Monitor in real time. During a crisis, continuous monitoring of mentions is essential: new publications, reposts, comments. This allows for precise and timely responses as the situation develops.

Work with journalists you know. If a company has built relationships with relevant editors over time, that is a strategic asset precisely in a crisis moment. A journalist who knows you is far more likely to call for comment before publishing — rather than running a story without your voice in it.

This is another reason why PR work needs to be consistent, not only activated in crisis moments. A reputation built in calm times is a reserve of resilience when things go wrong.

Social Media in a Crisis

Social media is a distinct dimension of crisis communications — one that requires its own strategy.

Speed matters, but not at the cost of accuracy. The first social media response should appear within a few hours. But a rushed, poorly considered post is worse than a brief “we are aware of the situation and will share an update shortly.”

Do not delete negative comments (unless they violate platform rules). Deletion creates an impression of censorship and fuels the fire. Respond instead — calmly, factually, without emotion.

Don’t get drawn into arguments. A crisis in the comments is not a debate to be won. It is an audience that needs to feel the company is listening and taking responsibility.

Pause scheduled content. If you had marketing posts, promotions, or announcements queued up — pause them for the duration of the crisis. Continuing promotional activity during a reputational crisis looks, at best, tone-deaf, and at worst, cynical.

Life After the Crisis: Rebuilding Reputation

The crisis ends.

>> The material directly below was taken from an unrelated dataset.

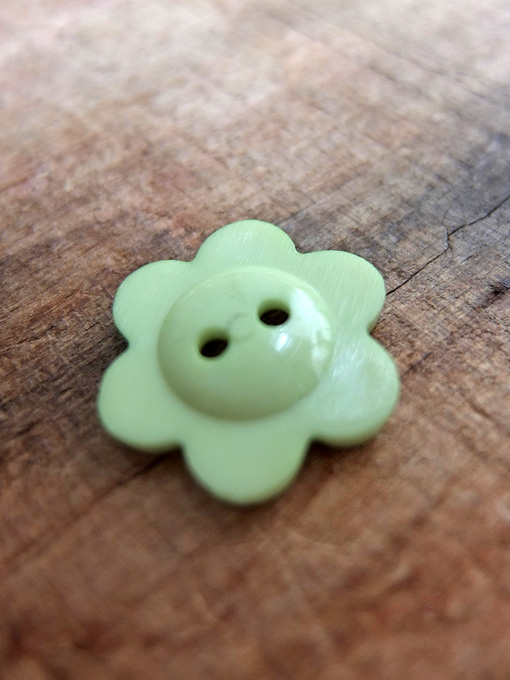 パリ蚤の市 クリニャンクールのデッドストックアクセサリー プラスティックお花ボタン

The reputation remains. That is why the work does not stop when the acute phase passes.

Do what you said you would. If crisis statements included commitments — changes, compensation, an investigation — they need to be fulfilled and publicly reported on.

Let the situation cool. Attempts to pivot too quickly to a “positive agenda” read as an effort to sweep things under the rug. Time is needed.

Launch recovery communications. After the crisis, begin a planned return to positive media presence: expert publications, case studies, success stories. Not in contradiction with the crisis topic, but organically, without forcing.

Conduct an internal debrief. Every crisis is a source of information about weak points in processes. Analyzing what happened and why is a mandatory part of exiting a crisis.

Update the crisis communications plan. Every crisis is unique, but patterns repeat. The lessons of a lived experience should be incorporated into an updated protocol.

Why Crisis PR Is Best Left to Professionals

In a crisis, a company’s leadership is managing dozens of things simultaneously: operational decisions, legal risk, the team, clients. Building a coherent communication strategy in parallel is extremely difficult.

An experienced PR agency in a crisis takes on monitoring, drafting statements, working with journalists, and coordinating messages across all channels. This allows leadership to focus on substantive decisions rather than wording.

But one principle is non-negotiable: the agency needs to be engaged before the crisis, not at the moment it begins. A company that builds PR relationships in normal times gets a partner in crisis who already knows the business, the narrative, the people — and can move fast and accurately. An agency brought in cold at the moment of an active crisis spends the first critical hours getting up to speed — at exactly the time when every hour costs the most.

Conclusion: A Crisis Is Manageable

A reputational crisis is serious. But it is a manageable situation. Companies that respond quickly, honestly, and with a clear position frequently emerge from a crisis with a higher level of audience trust than they had before it — because they demonstrated that they can take responsibility.

Those who stay silent, deny, or respond aggressively pay for it with reputational damage that can take years to repair.

The rules of crisis communications are straightforward. Following them under real stress is the hard part. That is exactly why you need a team that has done this before — and is ready to move the moment it becomes necessary.